THE PROBLEM
Your answer must be an exact copy of the lines from the one containing "NOWA STRAŻNICA OSP" through the last line of the records below, with no pictures; please include nothing else.

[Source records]
Content starts
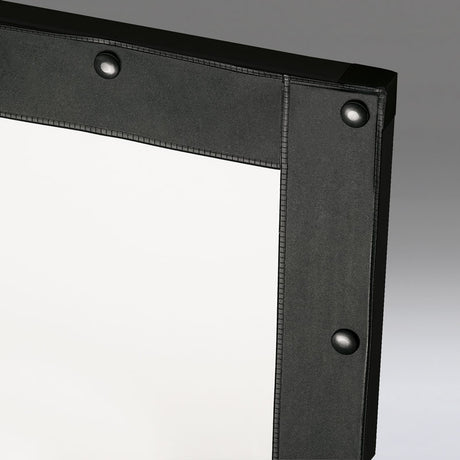 Draper StyleLine, 152", 21:9 Ultrawide, CineFlex CH1200V, 3 3/16" Bezel Projection Screens Draper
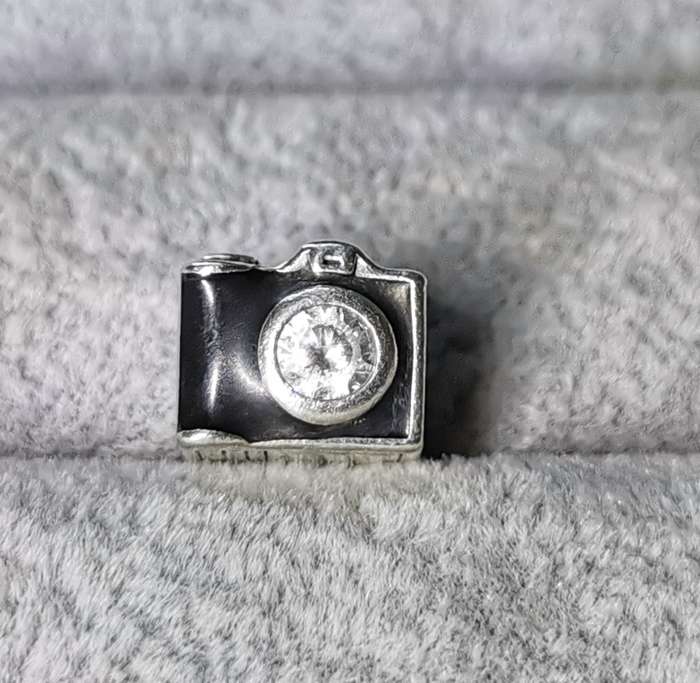 Pandora Sentimental Snapshots Camera Charm
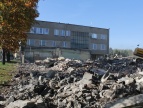 NOWA STRAŻNICA OSP W MIEJSCE DAWNEGO ZAKŁADU GOSPODARKI KOMUNALNEJ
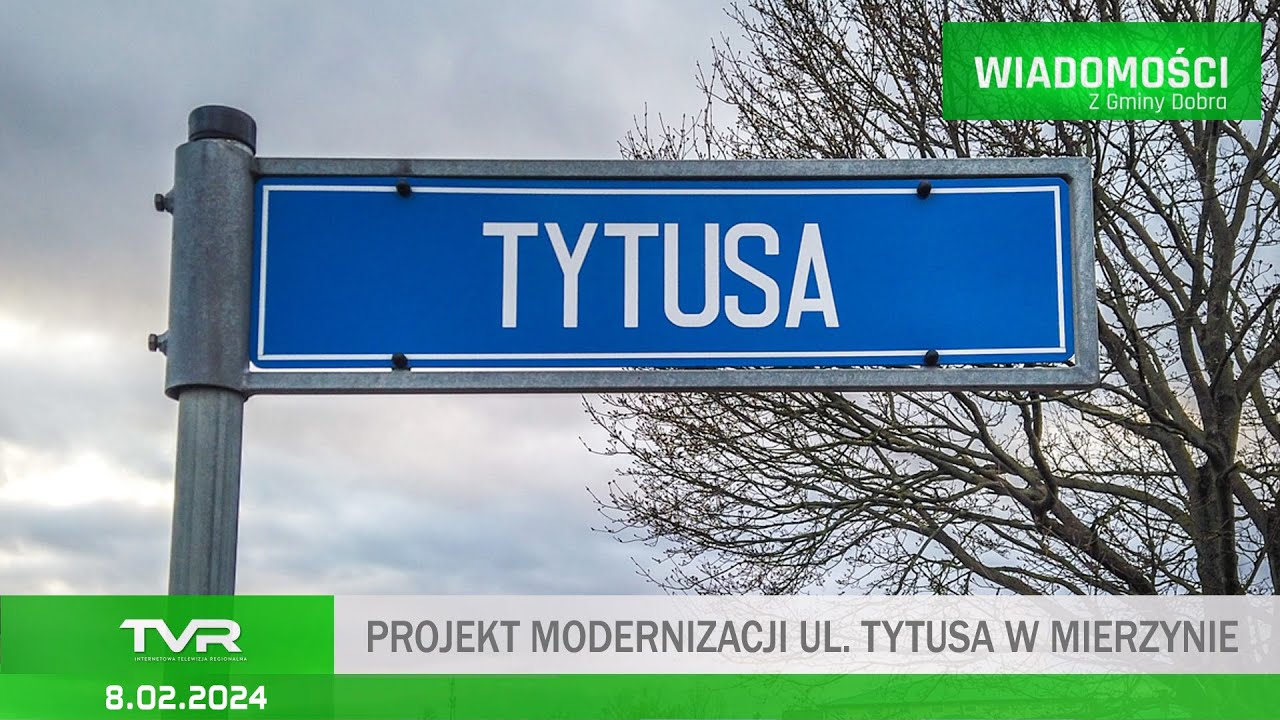 Wiadomości Gminy Dobra: 8 lutego 2024 r.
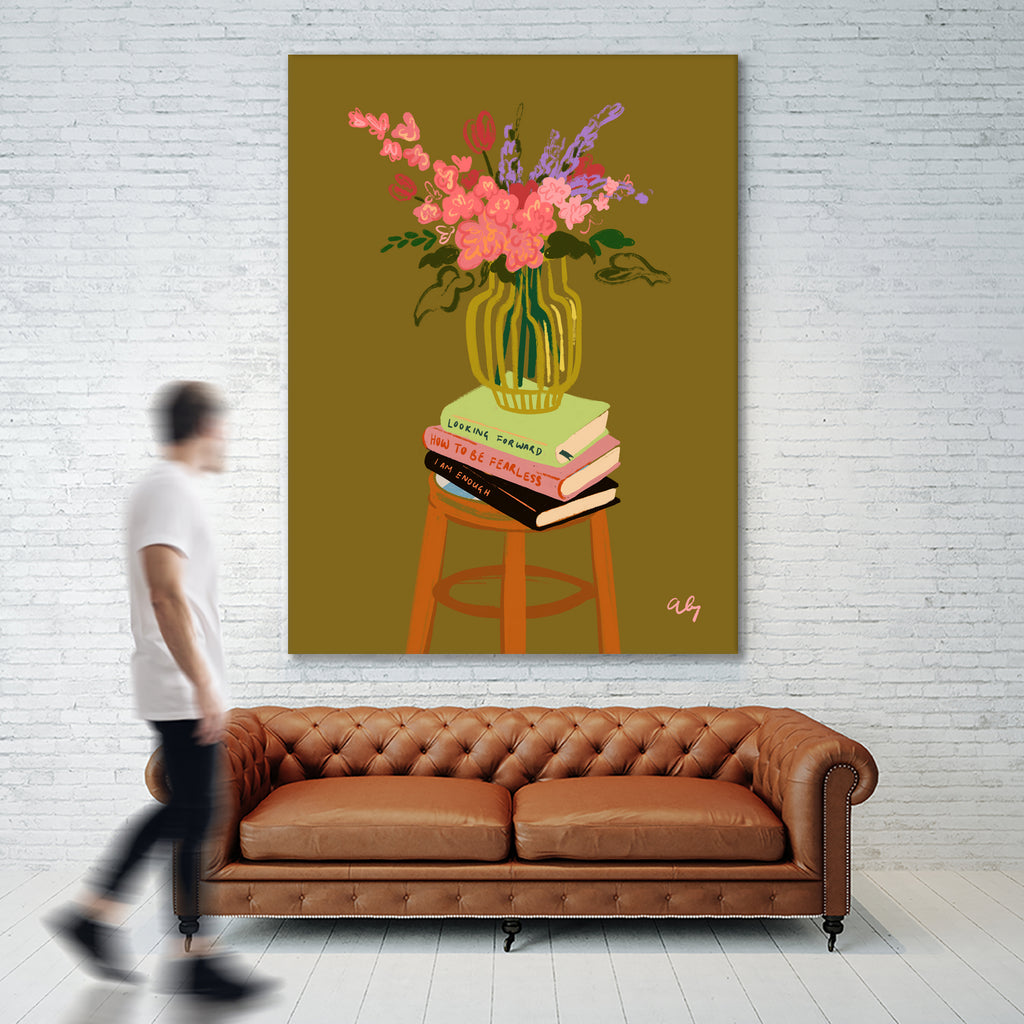 Floral Vase by Arty on GIANT ART - flowers and plants flower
Content ends
ANSWER FOR THIS EXERCISE
 NOWA STRAŻNICA OSP W MIEJSCE DAWNEGO ZAKŁADU GOSPODARKI KOMUNALNEJ
 Wiadomości Gminy Dobra: 8 lutego 2024 r.
 Floral Vase by Arty on GIANT ART - flowers and plants flower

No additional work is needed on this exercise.